Exhibitions
Happy Flowers!
Didier L’Honorey was born in France in 1957. He lives and works between Paris and Normandy. “It is by the merest chance that I discovered the existence of Picasso. I was about ten to eleven years and we just had our first television at home. I came across a program which featured the artist’s work: it was a shock!” At School, he is passionate about the history of painting, he dreams of independence and absolute freedom. At 18, he decided to become a painter. Self-taught, he draws faces and approaches trees and gradually comes to flowers. His first solo exhibition was held in 1989 in Clamart, at Albert Chanot Museum. In 2011, at the Villa Tamaris Art Center in La Seyne-sur-Mer, he presents Floral Variety: Oxygenating Culture, a major retrospective of his flowers paintings. The exhibition catalog is prefaced by Robert Bonaccorsi and art historian Alain Monvoisin.

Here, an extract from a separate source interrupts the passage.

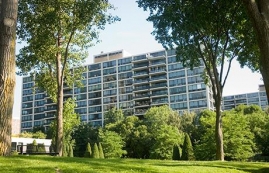 1 bedroom Apartments for rent in Nuns' Island at Hi-Rise 3 - Photo 01 - RentQuebecApartments – L144877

After a first exhibition in Beirut in March 2012 at the Alice Gallery Mogabgab, Didier L’Honorey returns with Happy Flowers, his second show, and ten recent paintings made between 2013 and 2014. “Basic flowers, those that everyone draws, four round petals and a more or less winding stem on fabrics printed with floral motifs, which are hanging free from the chassis (…),” said Harry Bellet in Le Monde on 16 April 2011.

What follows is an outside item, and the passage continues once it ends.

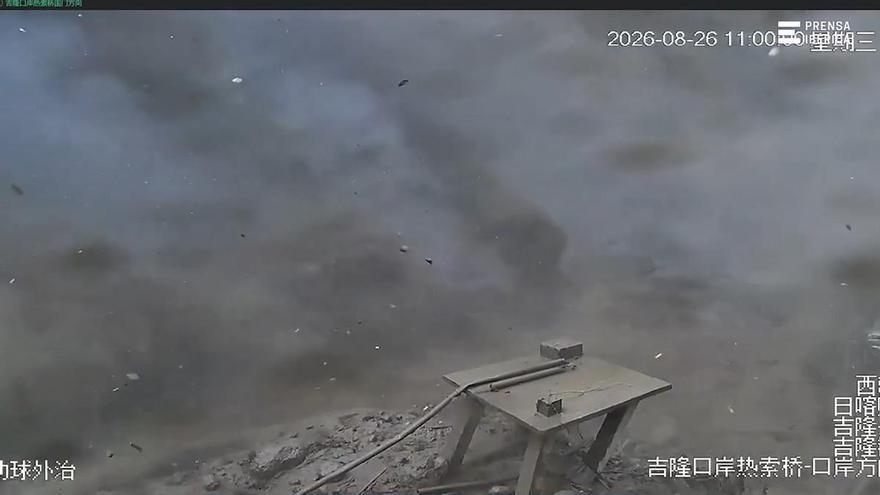 Vídeo: Una riuada arrassa amb tot el que troba a Nepal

Free! Didier L’Honorey painting comes to life once it is fixed on the white and cold walls of the gallery. In the wind, it oscillates between joy and sadness, humor and despair, birth and death. It is in the intimacy of his studio that the artist welcomes accidents, watching them and magnifying them to create in a small space and despite the plastic constraints, an obvious surprise! With common fabrics found in popular market, i.e. readymade, he tears the vulgar to its condition and give it an emotional power and a poetic charge. Whether it is acrylic paint or simply cuttings, Didier L’Honorey draws an allegory of our times; it will implement the language of flowers to hire a fierce fight regarding the human chaos, bringing out hope, the source of life.